ABOUT THIS TASK: Looking at the listing below, retype exactly the lines starting at the one containing "Wali Kota Saifullah" and ending at the one containing "3161 Emerson Ave S - Photo 7 of 12", both included, and nothing else.

PROVIDED DATA:
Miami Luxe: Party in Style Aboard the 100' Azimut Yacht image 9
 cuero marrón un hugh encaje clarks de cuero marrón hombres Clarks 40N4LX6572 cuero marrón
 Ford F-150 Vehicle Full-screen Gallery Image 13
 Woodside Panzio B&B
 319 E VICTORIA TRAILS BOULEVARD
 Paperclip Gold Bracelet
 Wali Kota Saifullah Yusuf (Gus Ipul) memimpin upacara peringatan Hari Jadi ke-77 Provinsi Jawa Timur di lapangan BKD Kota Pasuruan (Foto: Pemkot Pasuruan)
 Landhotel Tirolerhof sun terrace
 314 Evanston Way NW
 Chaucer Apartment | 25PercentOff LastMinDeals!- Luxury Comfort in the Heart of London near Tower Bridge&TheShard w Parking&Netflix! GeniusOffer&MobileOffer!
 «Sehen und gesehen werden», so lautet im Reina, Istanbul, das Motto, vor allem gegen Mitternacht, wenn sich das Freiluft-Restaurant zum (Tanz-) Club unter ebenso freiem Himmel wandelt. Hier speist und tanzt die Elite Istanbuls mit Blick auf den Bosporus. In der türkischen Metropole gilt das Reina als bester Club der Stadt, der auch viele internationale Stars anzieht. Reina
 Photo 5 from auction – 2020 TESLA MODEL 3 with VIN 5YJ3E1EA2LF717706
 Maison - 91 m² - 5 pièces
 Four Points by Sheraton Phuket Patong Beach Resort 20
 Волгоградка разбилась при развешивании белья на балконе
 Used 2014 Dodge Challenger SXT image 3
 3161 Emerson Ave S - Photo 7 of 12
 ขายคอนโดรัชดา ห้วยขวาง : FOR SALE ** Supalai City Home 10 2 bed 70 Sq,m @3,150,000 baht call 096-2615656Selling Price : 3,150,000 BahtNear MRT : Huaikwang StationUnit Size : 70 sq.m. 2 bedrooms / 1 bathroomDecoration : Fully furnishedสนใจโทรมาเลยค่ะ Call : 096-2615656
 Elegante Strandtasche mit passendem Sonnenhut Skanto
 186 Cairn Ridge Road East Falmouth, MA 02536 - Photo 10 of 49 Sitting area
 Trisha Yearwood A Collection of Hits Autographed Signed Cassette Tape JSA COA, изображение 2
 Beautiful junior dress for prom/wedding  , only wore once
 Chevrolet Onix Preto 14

SOLUTION TO THIS PROBLEM:
 Wali Kota Saifullah Yusuf (Gus Ipul) memimpin upacara peringatan Hari Jadi ke-77 Provinsi Jawa Timur di lapangan BKD Kota Pasuruan (Foto: Pemkot Pasuruan)
 Landhotel Tirolerhof sun terrace
 314 Evanston Way NW
 Chaucer Apartment | 25PercentOff LastMinDeals!- Luxury Comfort in the Heart of London near Tower Bridge&TheShard w Parking&Netflix! GeniusOffer&MobileOffer!
 «Sehen und gesehen werden», so lautet im Reina, Istanbul, das Motto, vor allem gegen Mitternacht, wenn sich das Freiluft-Restaurant zum (Tanz-) Club unter ebenso freiem Himmel wandelt. Hier speist und tanzt die Elite Istanbuls mit Blick auf den Bosporus. In der türkischen Metropole gilt das Reina als bester Club der Stadt, der auch viele internationale Stars anzieht. Reina
 Photo 5 from auction – 2020 TESLA MODEL 3 with VIN 5YJ3E1EA2LF717706
 Maison - 91 m² - 5 pièces
 Four Points by Sheraton Phuket Patong Beach Resort 20
 Волгоградка разбилась при развешивании белья на балконе
 Used 2014 Dodge Challenger SXT image 3
 3161 Emerson Ave S - Photo 7 of 12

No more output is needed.